In these places, you can ask for directions, safe in the knowledge that you will be extended the courtesy of a few rudimentary bearings and nothing more. In Glasgow, the seeker will often be taken by the arm and led to the exact location while being given a brief history of the neighbourhood. I know this because I have done it myself. We are so eager to please and to be liked that we spend hours fantasising about some startled American or English person returning home and telling all and sundry about just how welcoming and friendly Glaswegians are. I think it masks a degree of insecurity and it’s too late for me to change now. Last week, it was something of a relief to discover that Finland had been awarded top prize in something called the 2018 World Happiness report. Indeed, the top four places were all occupied by Nordic countries, with Finland followed by Norway, Denmark and Iceland. The annual report is published by the UN Sustainable Development Solutions Network, which stated that these nations were highly rated for level of income, life expectancy, social support, freedom, trust and generosity.

It seems, too, that I may not be the only Scot who has become slightly weary of all these global awards. Several distressing developments at some of Scotland’s most totemic and anointed spaces in recent weeks have made me wonder if the tartan junta that runs civic Scotland has also decided that Scotland’s beauty and appeal is beginning to get out of hand.

In January, plans to build a housing estate next to Culloden Moor, site of one of the most important battlefields in the nation’s history, were given the go-ahead. This land is a sacred war grave. Yet the Scottish government’s planning reporter had given consent to the development, which would lie just half a mile from the main battlefield. Now there is to be a second hearing on the plans submitted by the developer after it emerged that local councillors had voted through the plans “by mistake”. Aye, right. A couple of hundred miles down the road from Culloden, another of Scotland’s grandest stretches of wilderness is also about to be violated.

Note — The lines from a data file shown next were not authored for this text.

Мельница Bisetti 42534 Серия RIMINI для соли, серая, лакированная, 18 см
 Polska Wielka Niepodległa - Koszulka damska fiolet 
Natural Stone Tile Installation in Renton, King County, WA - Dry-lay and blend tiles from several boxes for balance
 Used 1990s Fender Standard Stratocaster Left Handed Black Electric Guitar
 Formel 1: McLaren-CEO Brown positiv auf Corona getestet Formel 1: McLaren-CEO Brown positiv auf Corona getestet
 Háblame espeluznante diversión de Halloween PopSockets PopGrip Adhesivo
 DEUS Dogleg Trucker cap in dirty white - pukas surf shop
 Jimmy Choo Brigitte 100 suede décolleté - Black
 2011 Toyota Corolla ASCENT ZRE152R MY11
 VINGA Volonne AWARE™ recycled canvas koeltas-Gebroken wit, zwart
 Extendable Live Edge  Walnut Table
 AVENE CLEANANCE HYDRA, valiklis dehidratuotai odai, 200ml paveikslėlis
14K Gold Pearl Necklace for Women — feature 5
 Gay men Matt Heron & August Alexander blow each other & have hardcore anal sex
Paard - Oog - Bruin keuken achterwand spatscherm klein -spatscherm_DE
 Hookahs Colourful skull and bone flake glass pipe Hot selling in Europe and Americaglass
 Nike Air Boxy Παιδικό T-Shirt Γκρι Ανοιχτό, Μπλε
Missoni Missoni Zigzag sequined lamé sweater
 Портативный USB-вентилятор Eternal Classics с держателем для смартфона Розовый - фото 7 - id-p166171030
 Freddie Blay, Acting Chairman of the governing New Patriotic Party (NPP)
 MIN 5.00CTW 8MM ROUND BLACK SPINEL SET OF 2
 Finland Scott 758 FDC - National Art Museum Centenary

Another housing estate, this one comprising 375 homes, is to be built at Loch Lomond and the Trossachs national park. The justification for this piece of despoliation deploys a familiar phraseology that includes “housebuilding boom” and “regeneration of the area”.

Quite why one of the most beautiful spaces in Europe needs to be “regenerated” is left unexplained. That only a quarter of these homes are deemed “affordable” tells you all you need to know. Scotland, like the rest of the UK, has a serious shortage of affordable homes and this won’t address it. Instead, the Scottish government, along with the national park authority, has chosen to make one of the nation’s most naturally beautiful spaces liable to exploitation by the property-speculator class.

In Edinburgh, councillors and planners are obviously sick of being regarded as the UK’s best-looking city. The splendour of the city centre, a Unesco world heritage site, is a distant memory. It seems to have been vying for the title of Europe’s poshest building site for much of the past decade. In that time, a sum of money eclipsing the economies of small nation states has been spent on a toy tram system that manages to miss out most of the city.

Its unique built heritage near Princes Street is in the process of being disfigured by a nasty-looking hotel development that looks like it was designed by Bill and Ben the Flowerpot Men. Meanwhile, in Glasgow, the councillors seem determined to turn large parts of the city into student theme parks, with outsized metal dormitories overshadowing much of its unique Georgian and Victorian heritage. This, too, is accompanied by the usual wretched lexicon of “progress”.

Welcome to Scotland, still pimping its natural treasures into the 21st century.